Tuesday, February 17, 2015

Compensation and choice strategies for screening

In multicriteria decision situations, many choice strategies are used for selecting one alternative from the set of available alternatives, which is the essence of decision making.  In some cases, however, the decision-maker first wants to screen the available alternatives to find a subset to consider in more detail. Choice strategies can be used for screening as well as for selection.  In particular, the satisficing and disjunctive choice strategies are suited for screening.  The satisficing strategy sets a threshold or cutoff for each attribute and keeps only alternatives that satsify all of those thresholds.  The disjunctive strategy also sets a threshold for each attribute, but it  keeps any alternative that satisfies at least one of those thresholds.

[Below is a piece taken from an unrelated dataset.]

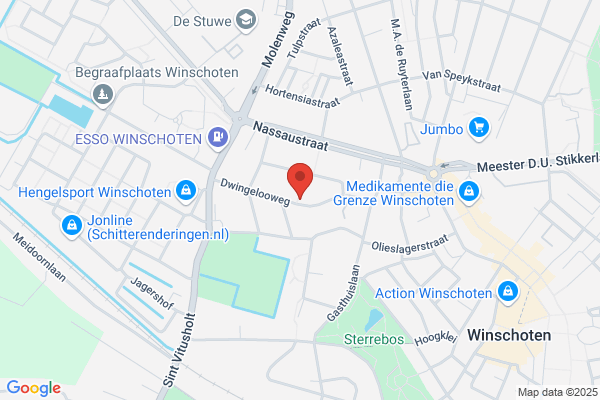 Rijschool RijGoedWeg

These strategies correspond to preferences for non-compensating and compensating solutions.  A decision-maker who prefers non-compensating solutions will want solutions that are good in every way, which the satisficing strategy identifies.  A decision-maker who prefers compensating solutions may set higher thresholds and use a disjunctive strategy to screen the alternatives. Although no alternative can satisfy all of the thresholds, the decision-maker will be happy with those alternatives that can satisfy at least one of them because they are compensating solutions: each one performs well on at least one attribute, which compensates for poor performance on the other attributes. 


For example, suppose Joe and Rose are considering which college each one should attend.  Joe prefers non-compensating solutions and uses a satisficing strategy: he wants a college that has a reasonable tuition, that is at most 200 miles from home, AND has a top-40 engineering program.  He will narrow his search to colleges that meet all of those criteria.  Rose, however, prefers compensating solutions and uses a disjunctive strategy: she wants a college that is very inexpensive OR within 75 miles of home OR has a top-10 engineering program.  Her criteria are more difficult to meet, but she will narrow her search to those colleges that can meet any one of her criteria, which will be a very different set than those that Joe considers.  For instance, Joe would not consider a top-10 school that is far away and expensive, but Rose would.